Exercise description — Nothing but the lines from the top of the records through the line with "Ornate Vine Pattern" should be returned, exactly, and without pictures.

Records to process Block Start

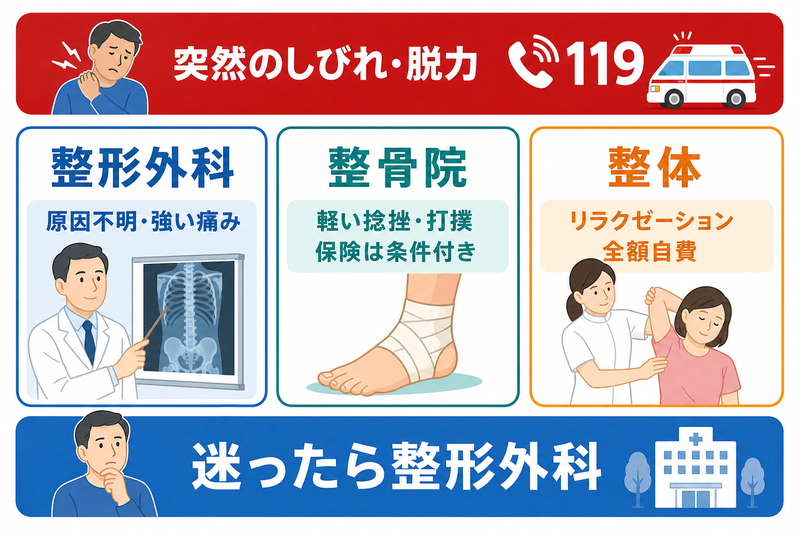 突然のしびれや脱力では119番、原因不明や強い痛みは整形外科、明確な軽い捻挫や打撲は整骨院も選択肢、リラクゼーション目的は整体などの自費サービスと示す受診先インフォグラフィック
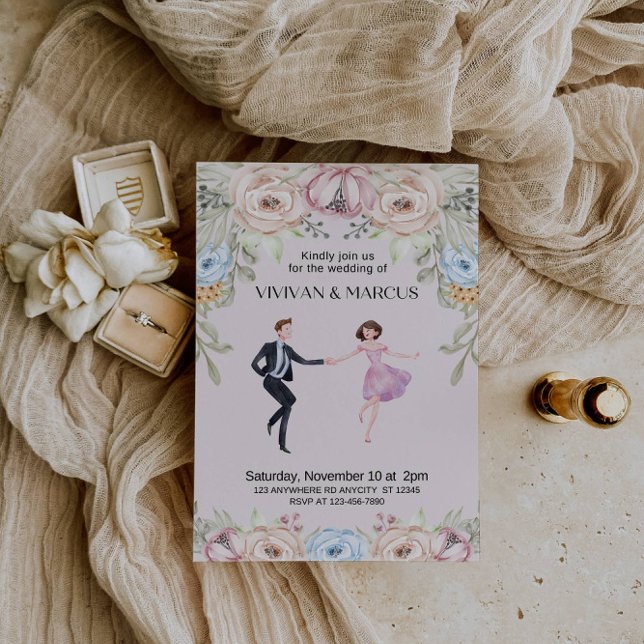 Invitación 🌸 elegante Rosa Boda: Un romance eterno (Subido por el creador)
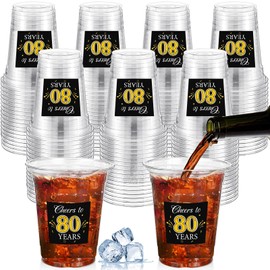 Funnymoom 100 Pack 80th Birthday Cup 12 oz Cheers to 80 Years Happy Birthday Disposable Clear Plastic Cups for Him Men Women Wedding Anniversary Decorations Party Favors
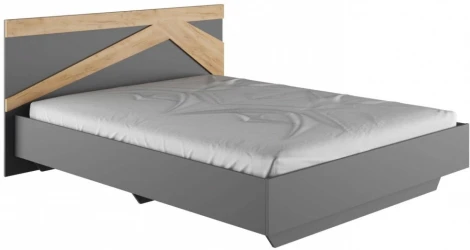 Двуспальная кровать Теодора 160 (Теодора 160х200 графит / крафт золотой) Woodville арт.587591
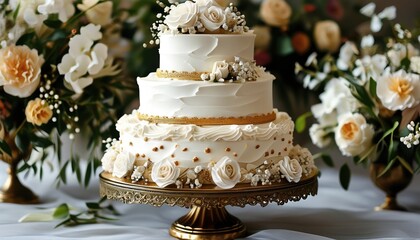 Elegant wedding cake with floral decorations and copy space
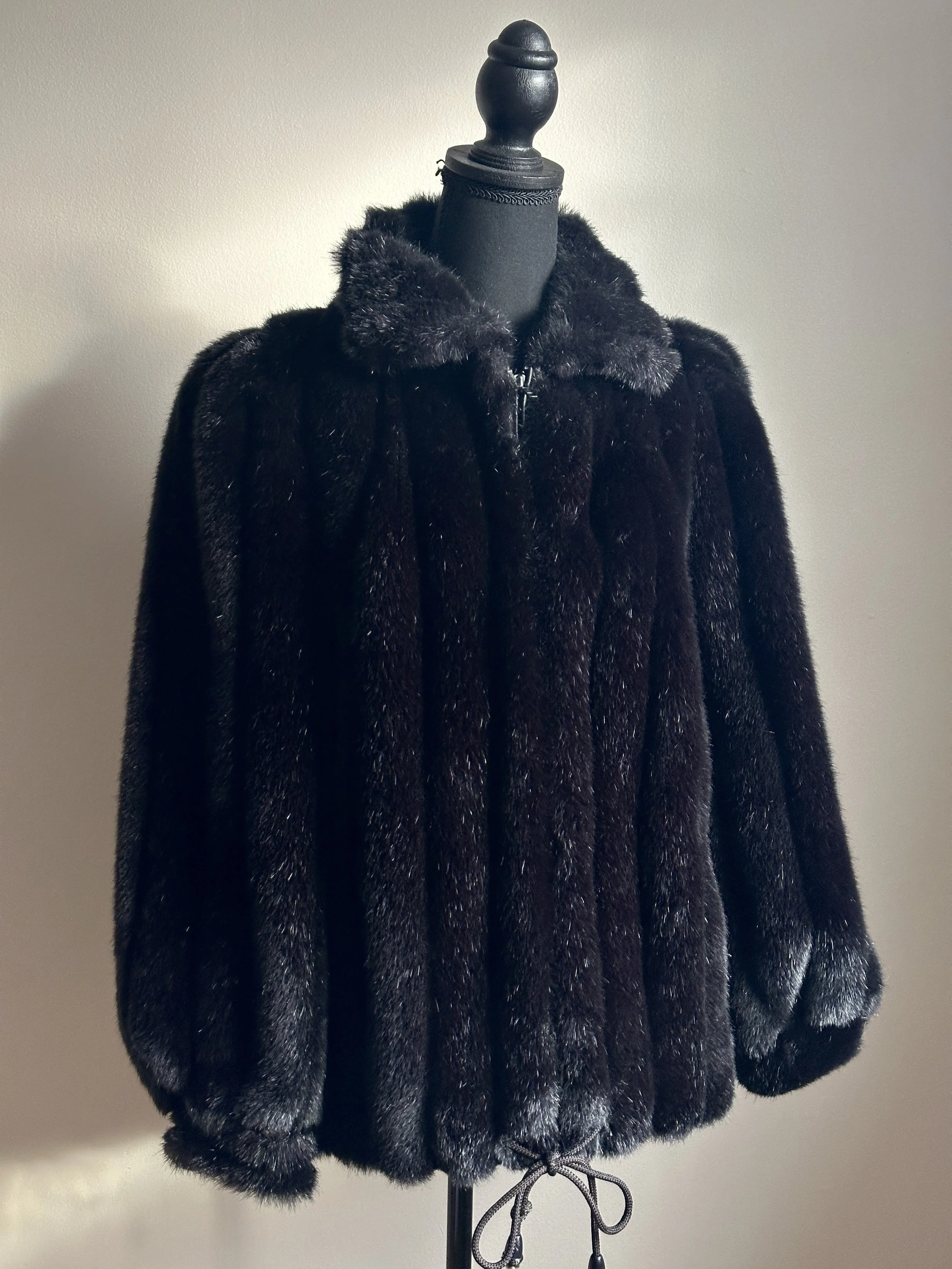 Black Faux Fur Coat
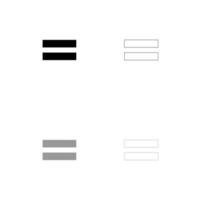 Sign equally set black white icon . vector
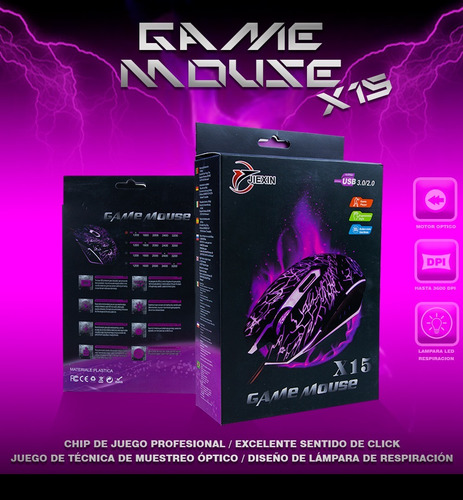 Pack 2 Mouse Gamer X15 Usb 3.0 Dpi 3600 Pc Professional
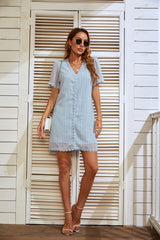 V-neck Short-sleeved Polka-dot Lace Dress
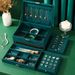 Vintage Velvet Jewelry Box With 10 Hooks - 3-Tier Large Capacity Organizer For Earrings, Necklaces & Rings (Dark Green)_voghion.com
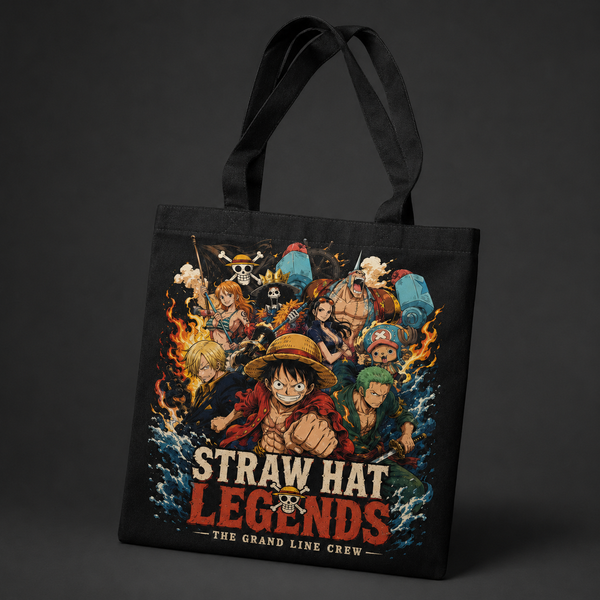 Black tote bag with Monkey D. Luffy One Piece Straw Hat Legends graphic – photo 2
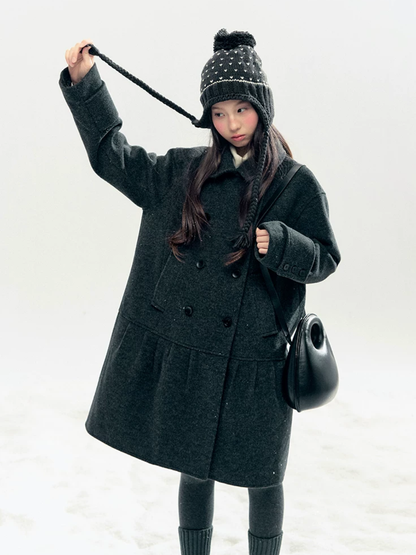 Horridale - "Winter Chime" Double-Breasted Quilted Wool-Blend Coat (Smoky Purple/ Ash Gray)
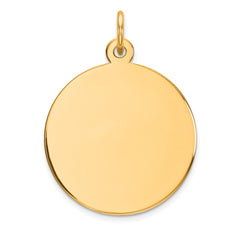 14k Plain .013 Gauge Circular Engravable Disc Charm - 10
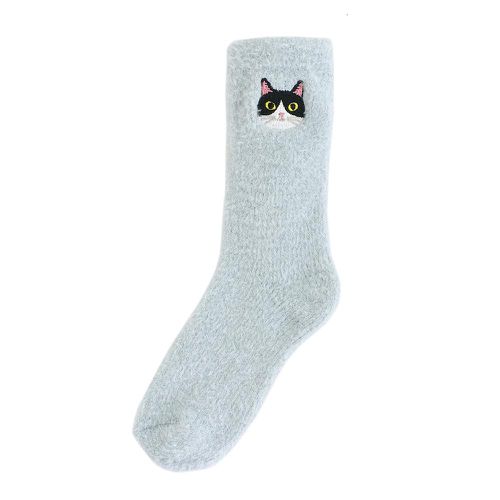 日本 TOMO - 可愛動物刺繡毛絨保暖襪-賓士貓-水藍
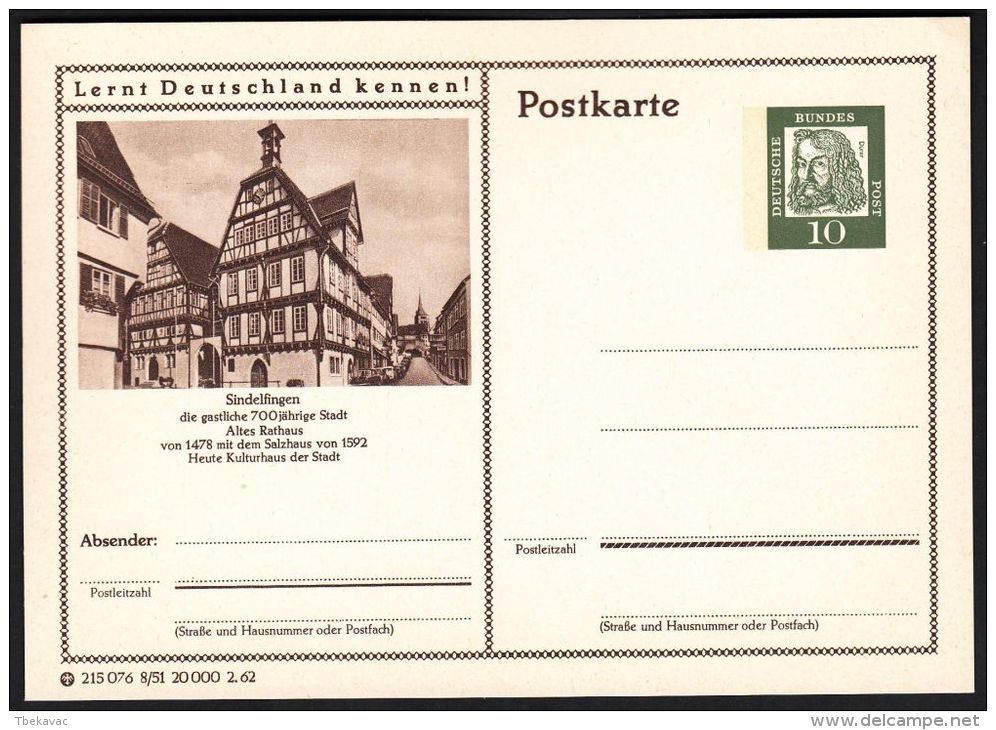 Germany 1962, Illustrated Postal Stationery "Old Town In Sindelfingen", Ref.bbzg - Illustrated Postcards - Mint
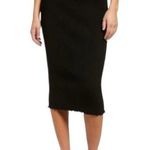 Good American Skirt Women Size 0 Black Ribbed Bodycon Stretch Pencil Midi Photo 0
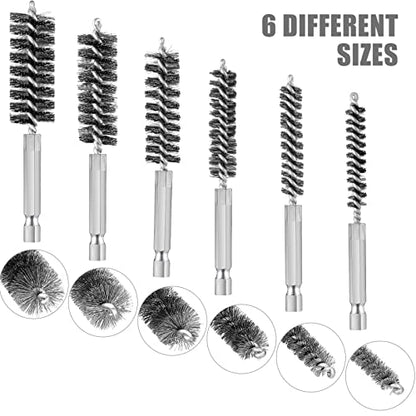 Patelai 6 Pcs Stainless Steel Wire Bore Brush Different Size Twisted Cleaning Brush with Handle 1/4 Inch Hex Shank for Power Drill Impact Driver (9/ 11/ 13/ 16/ 18/ 19 mm) - size: 9/ 11/ 13/ 16/ 18/ 19 mm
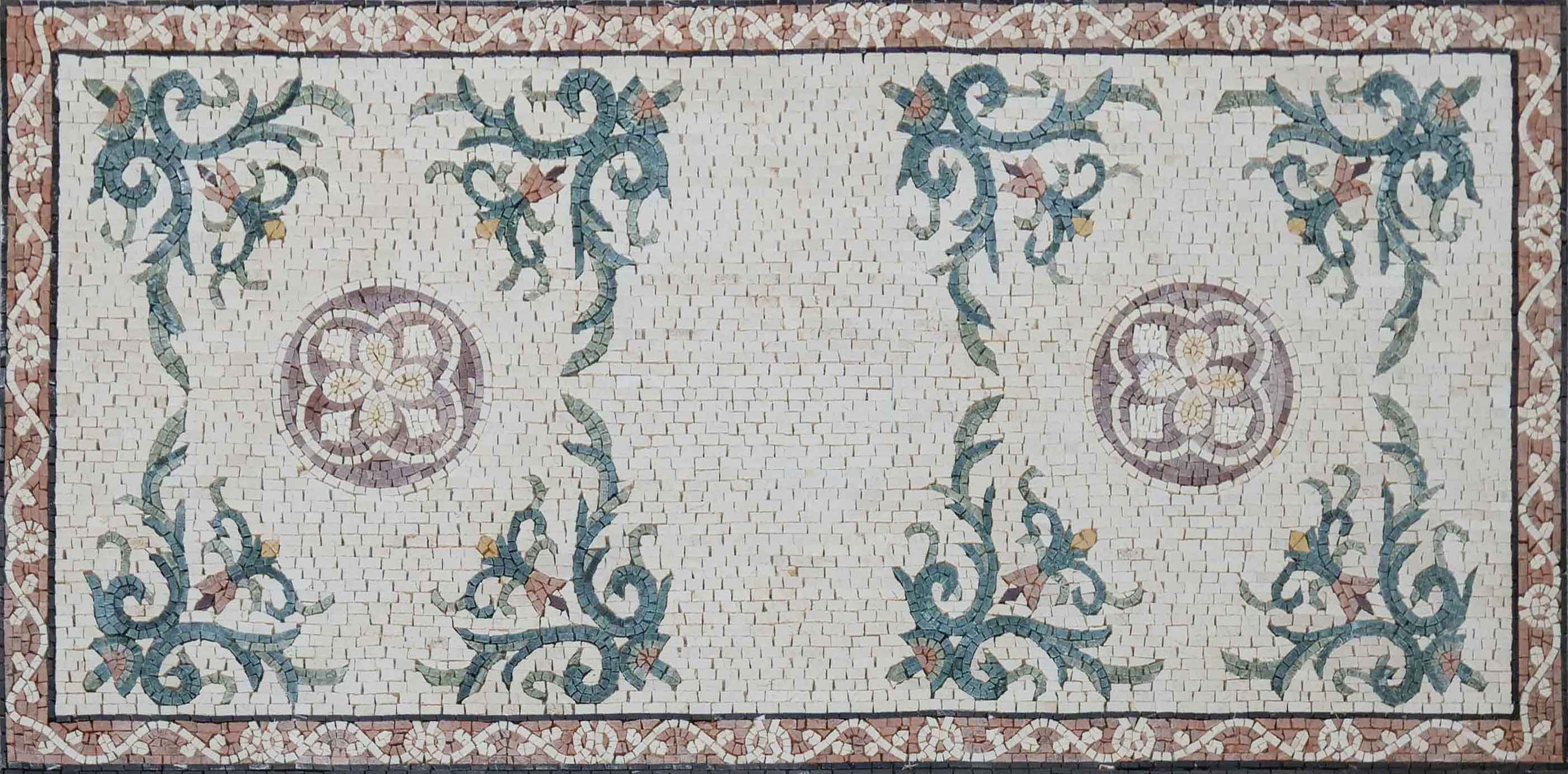 Ornate Vine Pattern - Marble Tiger Mosaic Floral Rug - Mesh Backing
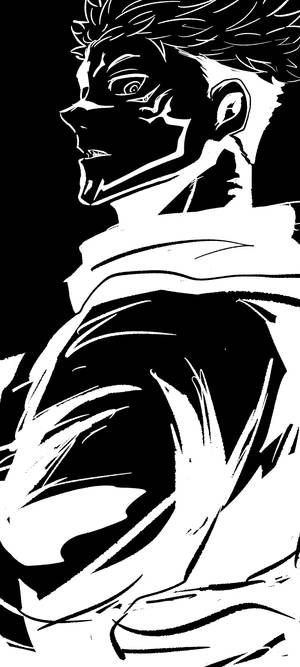 Ryomen Sukuna arte en estarcido Jujutsu Kaisen Phone — iPhone 16e Fondos de pantalla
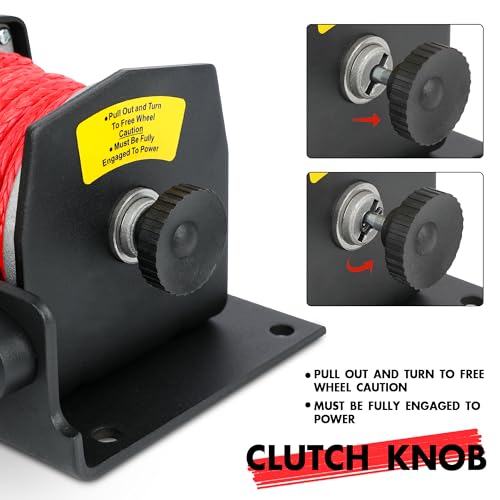 XPV AUTO 2500lbs Synthetic Winch with Remote Control & Mounting Plate ATV UTV Towing Trailer Winch Off-Road - color: Black, size: 2500lb. synthetic with rmote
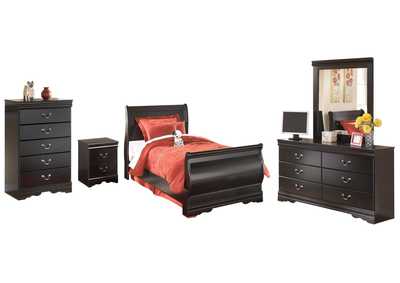 Image for Huey Vineyard Twin Sleigh Bed with Mirrored Dresser, Chest and Nightstand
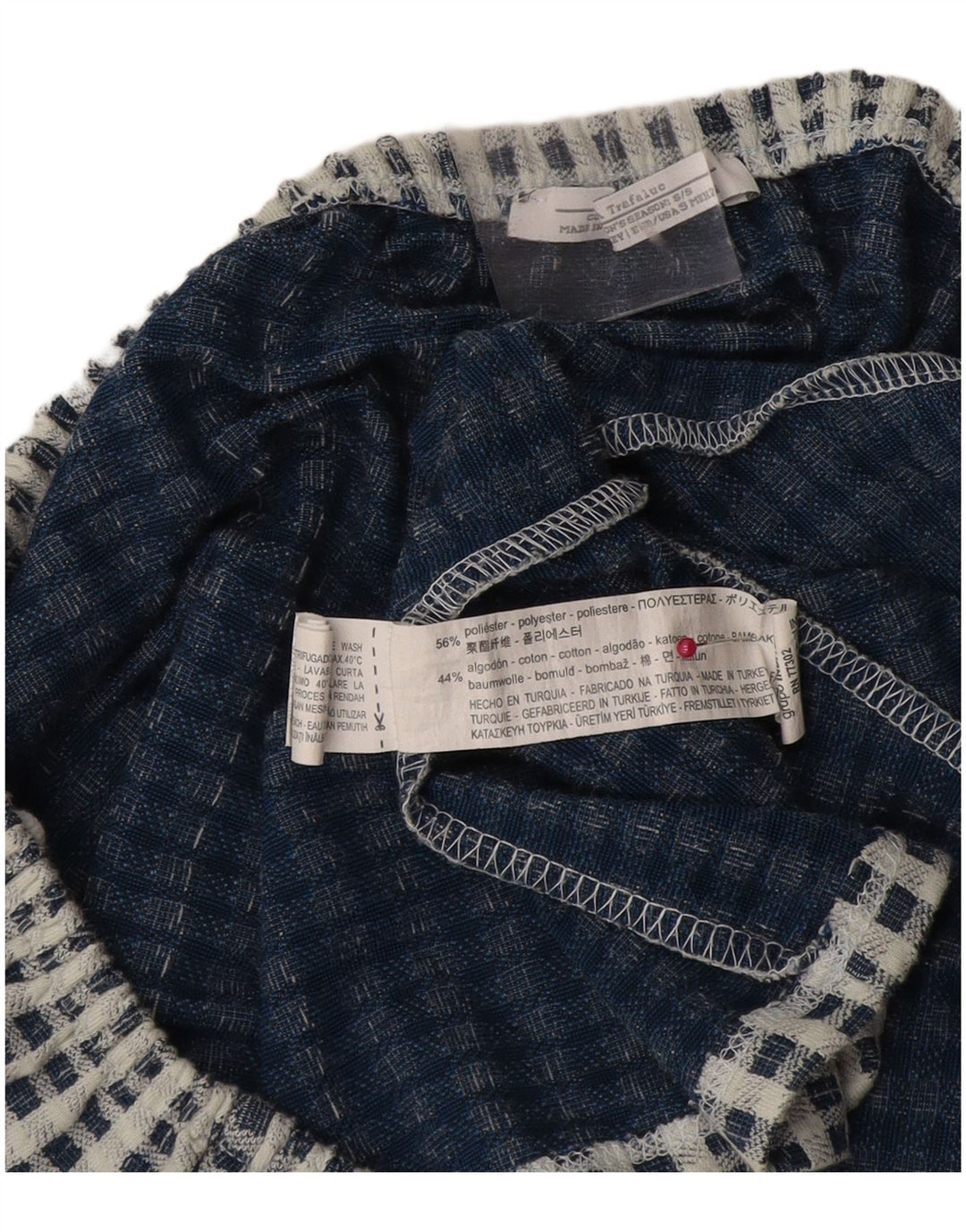 Zara Mujer Trafaluc Crop Top UK 10 Small Azul Cuadros Poliéster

Records to process Block End

Task result —
 突然のしびれや脱力では119番、原因不明や強い痛みは整形外科、明確な軽い捻挫や打撲は整骨院も選択肢、リラクゼーション目的は整体などの自費サービスと示す受診先インフォグラフィック
 Invitación 🌸 elegante Rosa Boda: Un romance eterno (Subido por el creador)
 Funnymoom 100 Pack 80th Birthday Cup 12 oz Cheers to 80 Years Happy Birthday Disposable Clear Plastic Cups for Him Men Women Wedding Anniversary Decorations Party Favors
 Двуспальная кровать Теодора 160 (Теодора 160х200 графит / крафт золотой) Woodville арт.587591
 Elegant wedding cake with floral decorations and copy space
 Black Faux Fur Coat
 Sign equally set black white icon . vector
 Pack 2 Mouse Gamer X15 Usb 3.0 Dpi 3600 Pc Professional
 V-neck Short-sleeved Polka-dot Lace Dress
 Vintage Velvet Jewelry Box With 10 Hooks - 3-Tier Large Capacity Organizer For Earrings, Necklaces & Rings (Dark Green)_voghion.com
 Black tote bag with Monkey D. Luffy One Piece Straw Hat Legends graphic – photo 2
 Horridale - "Winter Chime" Double-Breasted Quilted Wool-Blend Coat (Smoky Purple/ Ash Gray)
 14k Plain .013 Gauge Circular Engravable Disc Charm - 10
 日本 TOMO - 可愛動物刺繡毛絨保暖襪-賓士貓-水藍
 Germany 1962, Illustrated Postal Stationery "Old Town In Sindelfingen", Ref.bbzg - Illustrated Postcards - Mint
 Good American Skirt Women Size 0 Black Ribbed Bodycon Stretch Pencil Midi Photo 0
 Patelai 6 Pcs Stainless Steel Wire Bore Brush Different Size Twisted Cleaning Brush with Handle 1/4 Inch Hex Shank for Power Drill Impact Driver (9/ 11/ 13/ 16/ 18/ 19 mm) - size: 9/ 11/ 13/ 16/ 18/ 19 mm
 Ornate Vine Pattern - Marble Tiger Mosaic Floral Rug - Mesh Backing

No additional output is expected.